Sollte es aber doch so kommen, so haben sich WARRIOR nichts vorzuwerfen, denn für dieses Album haben sie mächtig aufgefahren und sich dieses Mal unter anderem die Unterstützung eines richtigen Labels gesichert. Bei „Golden Core Records“, welches unter anderem auch JAGUAR, SUBSIGNAL und VICTORY unter seinen Fittichen hat, handelt es sich nämlich um ein Sublabel des renommierten deutschen Plattenlabels „ZYX Music“. Aber auch personell hat sich einiges getan und damit meine ich nicht nur die Rückkehr von Schlagzeuger Sean Taylor, der bereits 1983 bei den Aufnahmen zu ´For Europe Only´ bei WARRIOR auf dem Schemel gesessen hat. (Seitdem hat dieser die Zeit gut genutzt und unter anderem alle Scheiben von SATAN, zusätzlich noch die beiden ersten von PARIAH und zwei von BLITZKRIEG eingetrommelt.) Ich vermute es ist ihm zu verdanken, dass Dave Curle für den Klang auf ´Boudica´ verantwortlich ist, da dieser bereits die Aufnahmen der letzten Scheiben von SATAN zu verantworten hat. Darüber hinaus lässt man sich auch durch John Gallagher von den ebenfalls aus Newcastle stammenden RAVEN unterstützen, der bei drei Songs den Bass bedient.
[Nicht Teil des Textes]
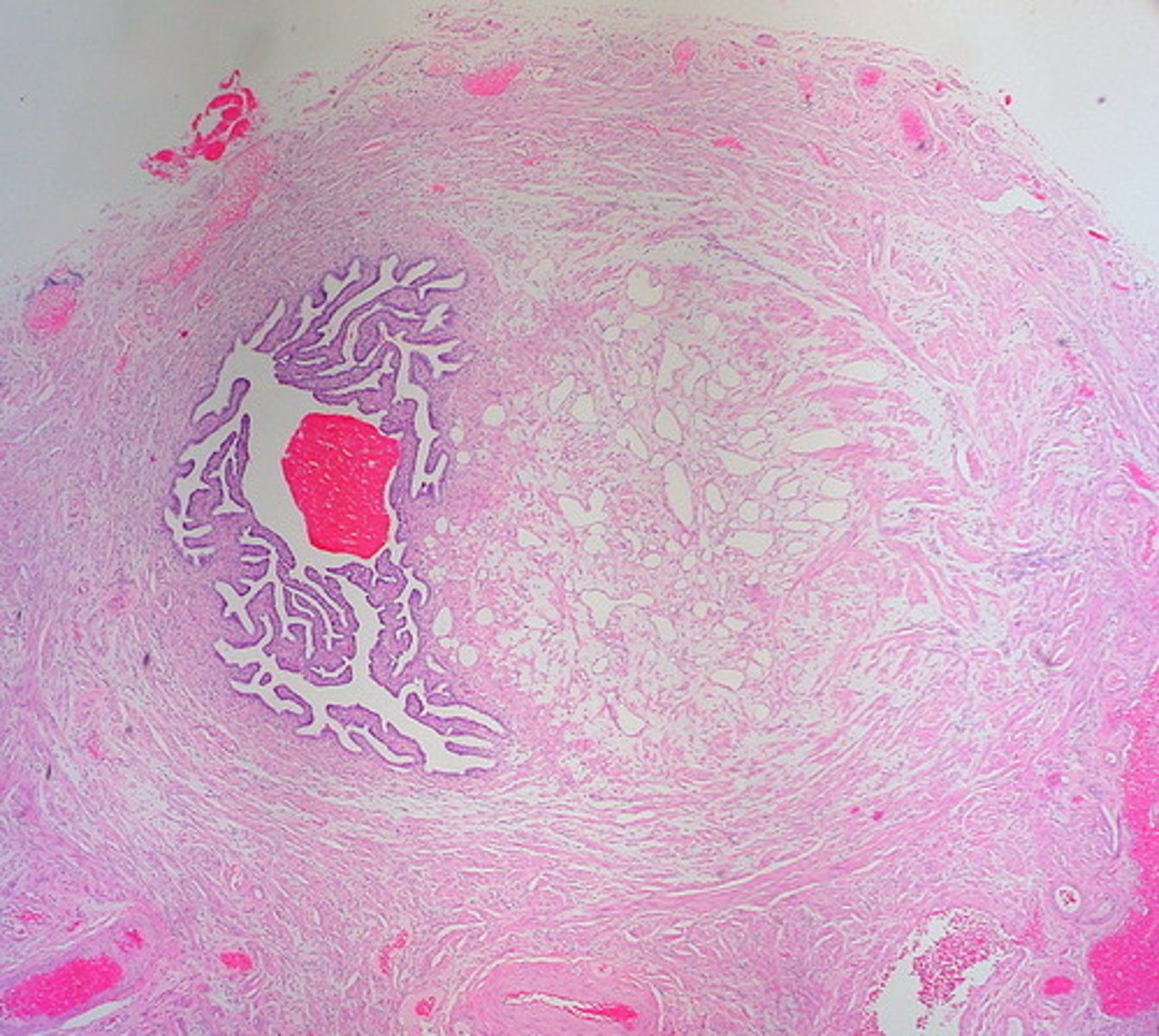 <p>(adj.) gentle, kind; forgiving, understanding; having a favorable or beneficial effect; not malignant.</p><p>synonyms: benevolent, salutary, salubrious, harmless</p><p>antonyms: malevolent, deleterious</p>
Die augenfälligste, oder besser, ohrenfälligste Veränderung ist jedoch der neue Sänger Dave Lunn, der auf dieser Scheibe den bisherigen Sänger Ed Halliday ersetzt, welcher auf allen bisherigen Veröffentlichungen von WARRIOR zu vernehmen ist und die Musik der Band entscheidend mitgeprägt hat. Ich werde mich jetzt nicht darüber auslassen, welcher Gesang nun besser zu WARRIOR passt, aber ich kann nicht umhin festzustellen, dass die Stimme von Dave Lunn, obwohl auch dieser bereits im gesetzteren Alter ist, jugendlicher, frischer und somit auch zeitgemäßer, weicher und melodischer als die von Ed Halliday klingt. Den Gesang von Ed empfinde ich hingegen wie aus der Kehle eines Mannes stammend, der nicht aus Rücksicht auf seine Gesangsstimme auf die Bestellung eines zweiten Pint Ale verzichtet. Seine Stimme verlieh der auf der Straße geborenen Musik Authentizität und ermöglichte den aus Arbeitersiedlungen stammenden Jugendlichen, die fast alles getan hätten um dort heraus zu kommen, sich mit diesem Sänger zu identifizieren. Aber auch Dave Lunn klingt „very british“ und ist vielleicht tatsächlich die notwendige Erneuerung, die die Band gebraucht hat, um den Spagat zwischen einer Musik, die zu 100 Prozent nach NWoBHM klingt und den Bedürfnissen einer modernen Hörerschaft aus dem 21. Jahrhunderts zu schlagen.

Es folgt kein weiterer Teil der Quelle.